Cuius est solum, eius est usque ad coelum et ad inferos [3]

might not - or even more curiously might but the draftsman has erred - apply to the actual physical definition of England and Wales.

Before that, however, we need to take a detour to consider the difference between the extent of a law and where it applies. At first brush, these seem to be two ways of saying the same thing - they most certainly are not.

And then we need to work out where England and Wales came from, and only then can we answer the question 'what is it?'

Extent versus application

Unusually - indeed I know of no other state which does this even close to as systematically as the United Kingdom - laws in Britain can have both a jurisdiction extent and a territorial (or even spatial or temporal) application.

A law is said to extend to an entire jurisdiction, so laws can extend to England and Wales (one jurisdiction, consisting of two countries), Scotland (one jurisdiction consisting of one country), Northern Ireland (ditto), Gibraltar (one jurisdiciton consisting of an overseas territory), the Isle of Man (one jurisdiction consisting of a Crown Dependency), or ... you get the idea. Or any admixture of the above.

Lest it cause any confusion, in the above when I say country I really mean, for any purpose whatsoever, 'that part of the United Kingdom called X'. This can become a needlessly thorny issue. I will try hereafter to use the nice, neutral, term 'place' to describe these things.

By default and some enforcement, Acts of Parliament extend to England and Wales, Scotland, and Northern Ireland though they may work in each in different ways [4]. However, most [5] Acts will specify an extent clause, picking and choosing which ones. 

Extent, however, has absolutly nothing to do with where an Act or indeed any law applies. It just means it forms part of the law of that jurisdiction. That jurisdictions have geographic names is simply because one usually follows the other.

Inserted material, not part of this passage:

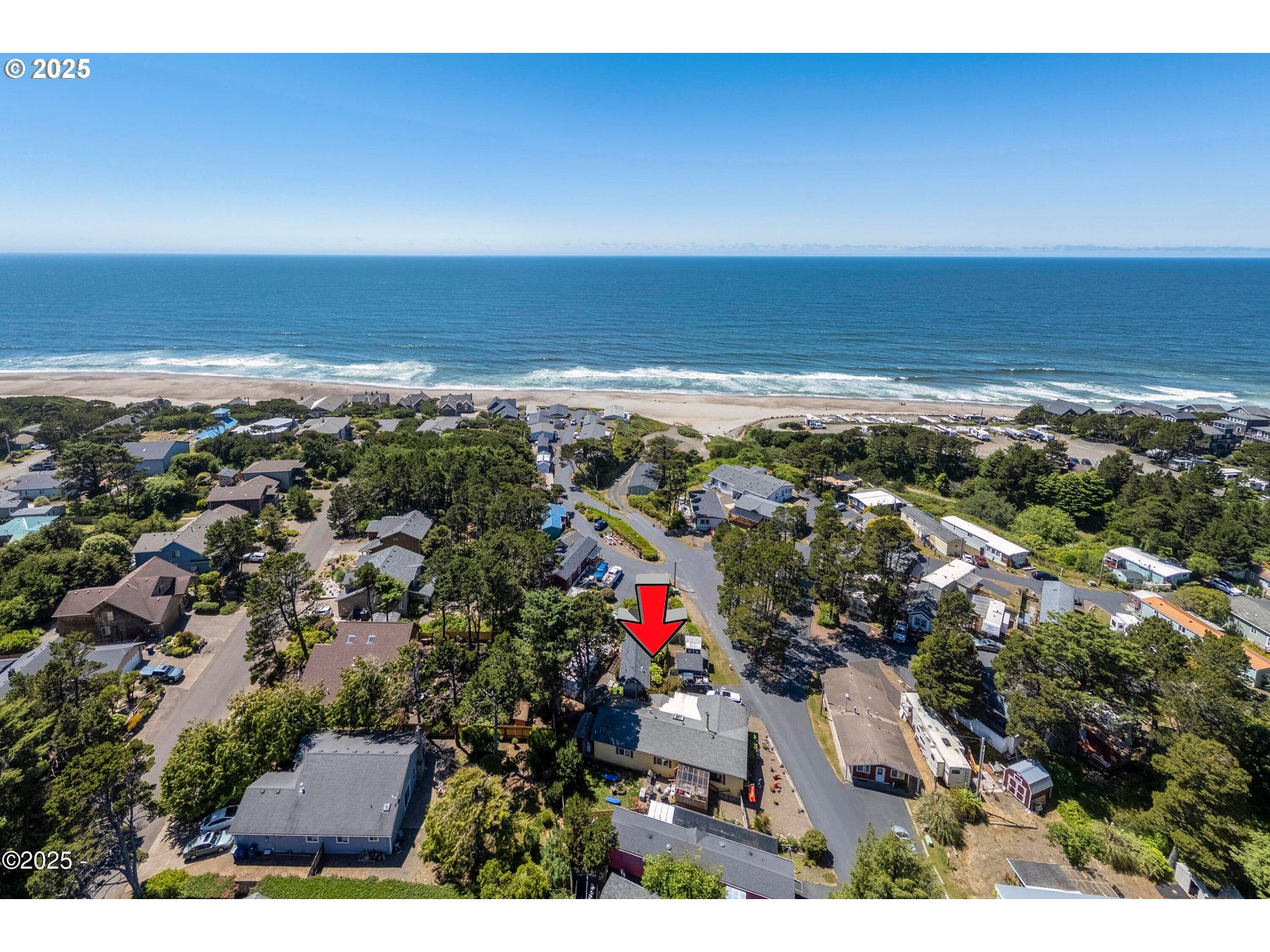 4875 Highway 101, Unit 11 Depoe Bay, OR 97341 - Photo 32 of 32 an aerial view of ocean and residential houses with outdoor space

Application, on the other hand, is where the law is actually active. The most common manifestation of this - before this was more of an unusual curio, about which we shall come to - after devolution is in the jurisdiction of England and Wales. Laws made by the Welsh Ministers will extend to England and Wales but can only apply in Wales. This applies then mutatis mutandis the other way in areas of devoled competence. This is how Wales and England can share a jurisdiction, but have different public health restrictions, for example. The rules either side of the River Severn extend to all of England and Wales the jurisdiction but only apply in either England or Wales the place.

Application can be narrower than this, for example restricted to sub-part of England and Wales. Application can also be by simple implication, i.e. the law obviously doesn't apply to everywhere it purports to extend. One - esoteric - example of this is the Middlesex Deeds Act 1940 [6]. This is silent about extent, so extends to the whole of the United Kingdom, but clearly only applies to, well, Middlesex. It forms part of the law of Scotland and Northern Ireland, but is utterly inert there.

But, application can also be outwith the country too. The Official Secrets Act 1911 has, in part, a provision that reads
10 (1) This Act shall apply to all acts which are offences under this Act when committed in any part of His Majesty’s dominions, or when committed by British Officers or subjects elsewhere.

but also has no extent clause. In this manner this law applies (at least insofar as it can be enforced) outside of the geographical limits of the jurisdictions to which it has been extended. We can also see here it has been extended to the entire British Empire by (at least) necessary implication [8] [9] [10].

So, how does this all matter to the question of "what is England and Wales?". To answer that, we need to consider just what in law the terms "England" and "Wales" mean. "England and Wales" as the jurisdiction is ephemeral, in comparison. It's just the place where the writ of Her Majesty's High Court of Justice runs, in a manner of speaking.

The Interpretation Act 1978

The schedule of defined words and phrases [11] in this Act provides [12]
“England” means, subject to any alteration of boundaries under Part IV of the Local Government Act 1972, the area consisting of the counties established by section 1 of that Act, Greater London and the Isles of Scilly 
“Wales” means the combined area of the counties which were created by section 20 of the Local Government Act 1972, as originally enacted, but subject to any alteration made under section 73 of that Act (consequential alteration of boundary following alteration of watercourse)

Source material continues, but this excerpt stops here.